3) Gag-reflex pics - Let's face it - Americans love their food. We love our food so much, approximately 43.2% of us feel the need to share pictures of what we're about to eat with friends on Facebook before we actually consume the meal. So, if you're a food lover like most of us in this country and you're starting to gag every time you see pictures of meals on Facebook, this is a definite sign of BOOFS and I highly recommend removing yourself from the site for at least three weeks.
4) Drama-edy - Are you like me and have that one Facebook friend whom posts an extremely dramatic, over-the-top, oh-woe-is-me status at least once a week? Did you used to try consoling this "friend" during their hard times and have now reached the point where, when reading their dramatic statuses, you reach for a bag of popcorn, a beer, and start laughing uncontrollably like you had just inhaled your fair share of nitrous oxide? If so, you're either high, drunk, or have come down with BOOFS.

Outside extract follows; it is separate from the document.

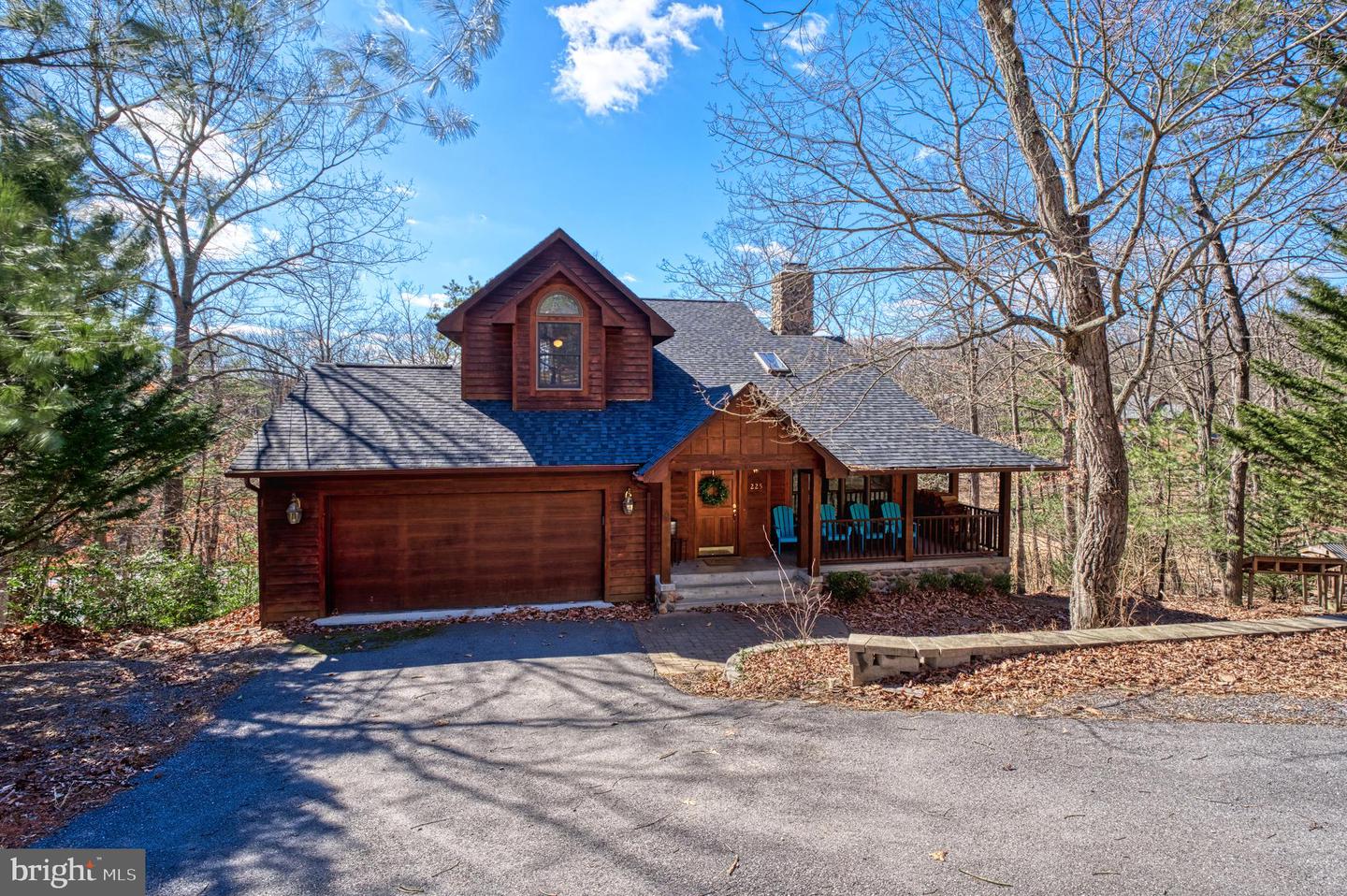 225 Lakeview Dr Property Photo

5) Bah-Humbug the Holidays - Are you getting a little tired of hearing "Happy Birthday" from people you haven't seen for 15-20 years? Is it starting to bother you that everyone you know has the best mother and father in the world, so awesome, they'd rather talk about them on Facebook than spend time with them? Does even hearing 424 cyber-friends say "Merry Christmas" make you want to blurt out, "I'm Jewish!" even though you're not? If so, then I'm afraid you've come down with BOOFS, and here's some eggnog for your troubles.

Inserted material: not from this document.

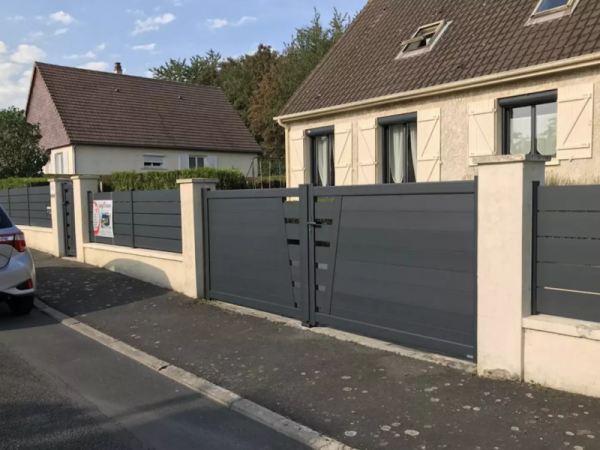 Pose d'un portail battant en aluminium à Ouistreham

Other possible signs you have BOOFS
- You want to "dislike" a certain person (Facebook stalker) that always seems to like everything you say or post.
- When someone "pokes" you, your first instinct is to look for a "punch back" option.
- Your long-time crush is starting to annoy you to the point where you start asking yourself, "Why did I like him/her again?"
- You've customized a shirt which says, "F*#k Your Farmville Requests!"
- You woke up this morning and thought to yourself, "That's it! I'm going back to MySpace. Wait - is that even around anymore?"
1) Selfie-hating - While it's never good to self-hate, selfie-hating is perfectly understandable, especially on social networking sites like Facebook (or "My Face," as my father ironically calls it). In a study I just concocted in my own noggin, 9 out of 10 people whom post selfies do it to garner attention and positive comments due to insecurity. So, while most of us may not comment on these selfies, if you've reached a point where you're tempted to comment on 9 of every 10 selfies with something like, "Did you ever wash your hair?" or "Are you pregnant or something?" you may have come down with BOOFS, and it may be best to take a break from Facebook as a result.
2) The shortest distance between two pointless statuses is Facebook - Ever read any statuses like this: "I'm about to brush my teeth," "I'm feeling lazy today," "I love eating cereal every morning," or "In and out of the shower in 5 minutes"? Have you reached the point where, whenever you see these statuses, you immediately shake your head and yell out, "Who f*#king cares?" If so, I'm afraid you've come down with BOOFS and you better look far away from Facebook before you start a fight with regard to not caring about what a person does every second of every day.
3) Gag-reflex pics - Let's face it - Americans love their food. We love our food so much, approximately 43.2% of us feel the need to share pictures of what we're about to eat with friends on Facebook before we actually consume the meal. So, if you're a food lover like most of us in this country and you're starting to gag every time you see pictures of meals on Facebook, this is a definite sign of BOOFS and I highly recommend removing yourself from the site for at least three weeks.
4) Drama-edy - Are you like me and have that one Facebook friend whom posts an extremely dramatic, over-the-top, oh-woe-is-me status at least once a week? Did you used to try consoling this "friend" during their hard times and have now reached the point where, when reading their dramatic statuses, you reach for a bag of popcorn, a beer, and start laughing uncontrollably like you had just inhaled your fair share of nitrous oxide? If so, you're either high, drunk, or have come down with BOOFS.
5) Bah-Humbug the Holidays - Are you getting a little tired of hearing "Happy Birthday" from people you haven't seen for 15-20 years? Is it starting to bother you that everyone you know has the best mother and father in the world, so awesome, they'd rather talk about them on Facebook than spend time with them? Does even hearing 424 cyber-friends say "Merry Christmas" make you want to blurt out, "I'm Jewish!" even though you're not? If so, then I'm afraid you've come down with BOOFS, and here's some eggnog for your troubles.
Other possible signs you have BOOFS
- You want to "dislike" a certain person (Facebook stalker) that always seems to like everything you say or post.
- When someone "pokes" you, your first instinct is to look for a "punch back" option.
- Your long-time crush is starting to annoy you to the point where you start asking yourself, "Why did I like him/her again?"
- You've customized a shirt which says, "F*#k Your Farmville Requests!"
- You woke up this morning and thought to yourself, "That's it! I'm going back to MySpace. Wait - is that even around anymore?"